### Task prompt
Give back all of the data exactly.

### Recorded information

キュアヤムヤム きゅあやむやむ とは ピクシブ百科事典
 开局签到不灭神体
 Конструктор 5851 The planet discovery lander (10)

### Written reply
キュアヤムヤム きゅあやむやむ とは ピクシブ百科事典
 开局签到不灭神体
 Конструктор 5851 The planet discovery lander (10)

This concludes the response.